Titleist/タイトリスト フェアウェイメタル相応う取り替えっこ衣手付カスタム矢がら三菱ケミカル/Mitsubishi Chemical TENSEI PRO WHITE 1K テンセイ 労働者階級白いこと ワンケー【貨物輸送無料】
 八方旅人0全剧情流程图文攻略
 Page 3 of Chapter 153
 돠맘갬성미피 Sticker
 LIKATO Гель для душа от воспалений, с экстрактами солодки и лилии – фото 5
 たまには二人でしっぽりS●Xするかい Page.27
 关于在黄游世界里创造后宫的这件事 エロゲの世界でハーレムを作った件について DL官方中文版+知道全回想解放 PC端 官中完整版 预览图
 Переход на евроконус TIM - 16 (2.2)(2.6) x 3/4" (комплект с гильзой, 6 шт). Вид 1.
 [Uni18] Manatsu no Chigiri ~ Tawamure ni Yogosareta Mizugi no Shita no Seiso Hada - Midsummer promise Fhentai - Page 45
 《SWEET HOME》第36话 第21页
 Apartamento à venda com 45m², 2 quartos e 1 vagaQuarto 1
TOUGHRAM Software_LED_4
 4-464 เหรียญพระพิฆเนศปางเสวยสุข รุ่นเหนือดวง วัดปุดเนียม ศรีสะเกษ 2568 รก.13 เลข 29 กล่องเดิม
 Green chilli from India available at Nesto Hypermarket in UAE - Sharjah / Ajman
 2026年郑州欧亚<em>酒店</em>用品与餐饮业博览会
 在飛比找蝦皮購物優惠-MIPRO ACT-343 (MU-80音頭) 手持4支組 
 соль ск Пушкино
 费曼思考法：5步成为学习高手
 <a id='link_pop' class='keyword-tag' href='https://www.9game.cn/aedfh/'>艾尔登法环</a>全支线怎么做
▬▬▬▬▬▬▬▬▬▬
WHAT YOU HAVE TO DO:
Starting at the top of the listing above, repeat every line exactly until the line that contains "2026年郑州欧亚<em>酒店</em>用品与餐饮业博览会" has been repeated too.

RESPONSE TO THE EXERCISE:
Titleist/タイトリスト フェアウェイメタル相応う取り替えっこ衣手付カスタム矢がら三菱ケミカル/Mitsubishi Chemical TENSEI PRO WHITE 1K テンセイ 労働者階級白いこと ワンケー【貨物輸送無料】
 八方旅人0全剧情流程图文攻略
 Page 3 of Chapter 153
 돠맘갬성미피 Sticker
 LIKATO Гель для душа от воспалений, с экстрактами солодки и лилии – фото 5
 たまには二人でしっぽりS●Xするかい Page.27
 关于在黄游世界里创造后宫的这件事 エロゲの世界でハーレムを作った件について DL官方中文版+知道全回想解放 PC端 官中完整版 预览图
 Переход на евроконус TIM - 16 (2.2)(2.6) x 3/4" (комплект с гильзой, 6 шт). Вид 1.
 [Uni18] Manatsu no Chigiri ~ Tawamure ni Yogosareta Mizugi no Shita no Seiso Hada - Midsummer promise Fhentai - Page 45
 《SWEET HOME》第36话 第21页
 Apartamento à venda com 45m², 2 quartos e 1 vagaQuarto 1
TOUGHRAM Software_LED_4
 4-464 เหรียญพระพิฆเนศปางเสวยสุข รุ่นเหนือดวง วัดปุดเนียม ศรีสะเกษ 2568 รก.13 เลข 29 กล่องเดิม
 Green chilli from India available at Nesto Hypermarket in UAE - Sharjah / Ajman
 2026年郑州欧亚<em>酒店</em>用品与餐饮业博览会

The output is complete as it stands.